[EXERCISE MATERIAL]
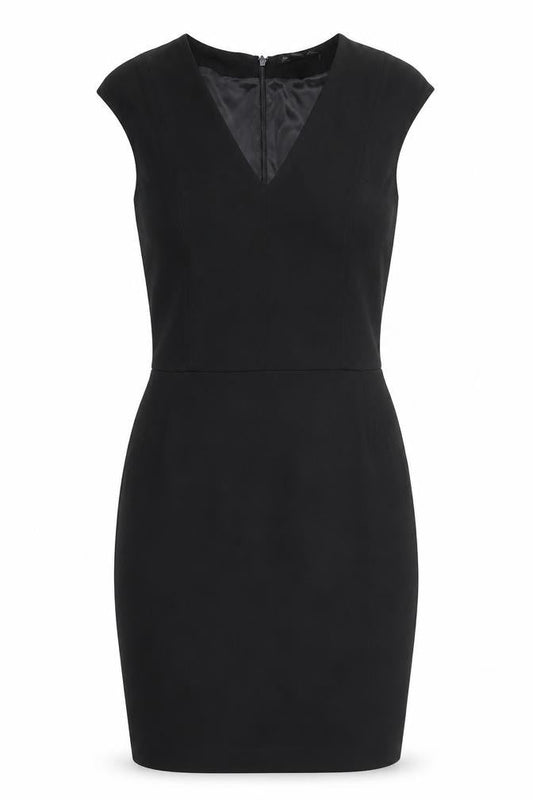 Mango Women’s Black Bodycon Dress Size 10 Sleeveless V-Neck Work Party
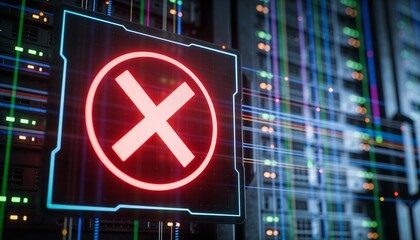 Glowing Red Cross X Mark on Laptop Screen in Server Room. Cyber Security Access Denied, System Failure and Error Concept. Futuristic Data Center Network Background 3D Illustration
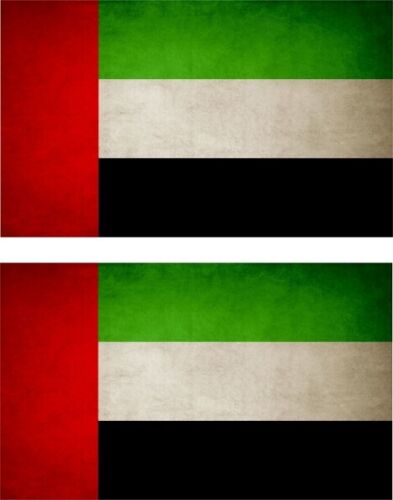 2x Sticker Flag Vintage Distressed Uae United Arab Emirates - Picture 1 of 1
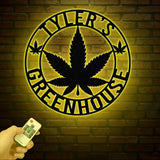 Custom Green House Metal Wall Art with LED Light - Personalized Marijuana Name Sign - Cannabis Home Decor - Smoker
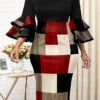 Women‘s Plus Size Curve Work Dress Bodycon Sheath Dress Plaid Midi Dress 3/4 Length Sleeve Backless Crew Neck Fashion Office Red Fall Spring XL XXL 3XL 4XL 5XL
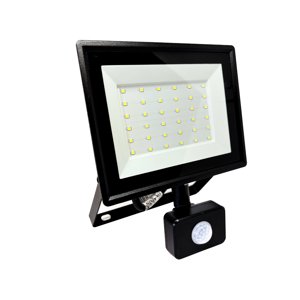 Teimporta - Foco Proyector Led Reflector Con Sensor 50W Ip65 Luz Blanca Negro Blanco Frío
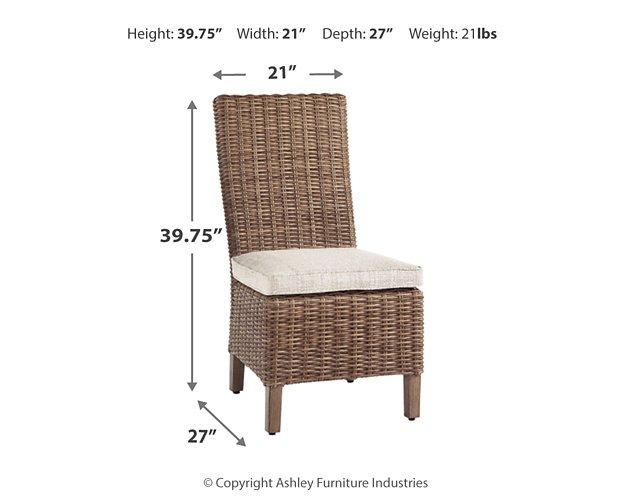 Beachcroft Outdoor Side Chair with Cushion (Set of 2) Outdoor Dining Chair Ashley Furniture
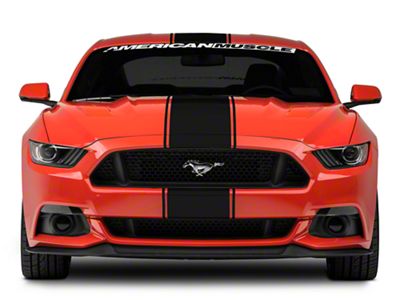 SEC10 Super Snake Style Stripes; Gloss Black (15-23 Mustang)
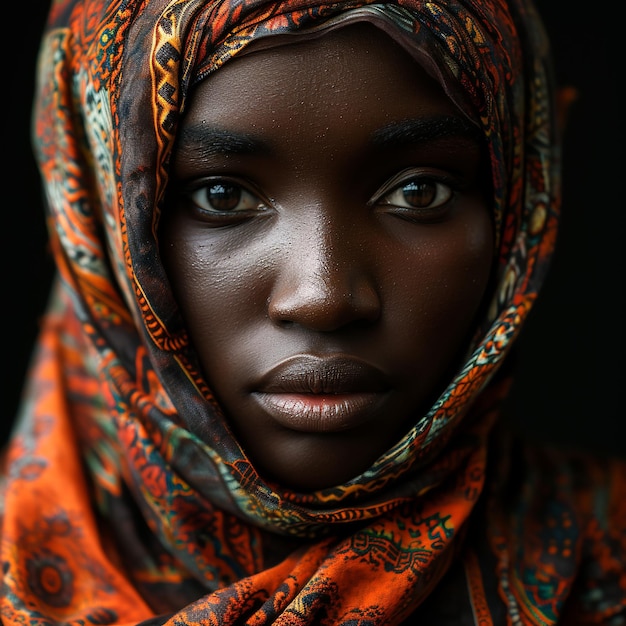 Porträt einer afrikanischen schwarzen schönen Frau mit einem schönen natürlichen Schamanen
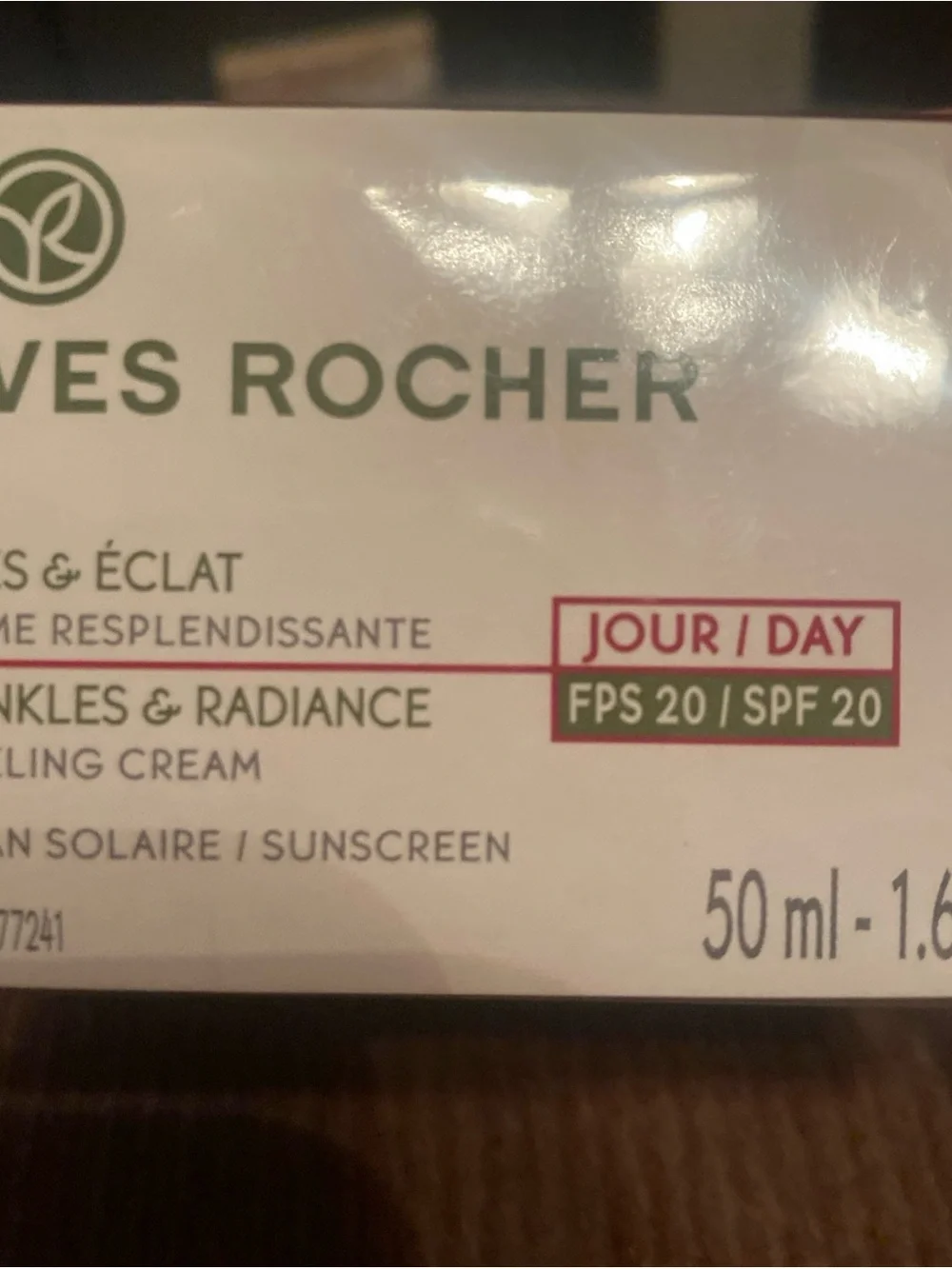 NEW Yves Rocher Rides & Eclat Wrinkles & Radiance Dazzling Day Cream SPF 20 50m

[GOAL OF THE EXERCISE]
Copy the records above from the first line through the line containing "Glowing Red Cross", both included, and leave out any pictures.

[PROBLEM SOLUTION]
 Mango Women’s Black Bodycon Dress Size 10 Sleeveless V-Neck Work Party
 Glowing Red Cross X Mark on Laptop Screen in Server Room. Cyber Security Access Denied, System Failure and Error Concept. Futuristic Data Center Network Background 3D Illustration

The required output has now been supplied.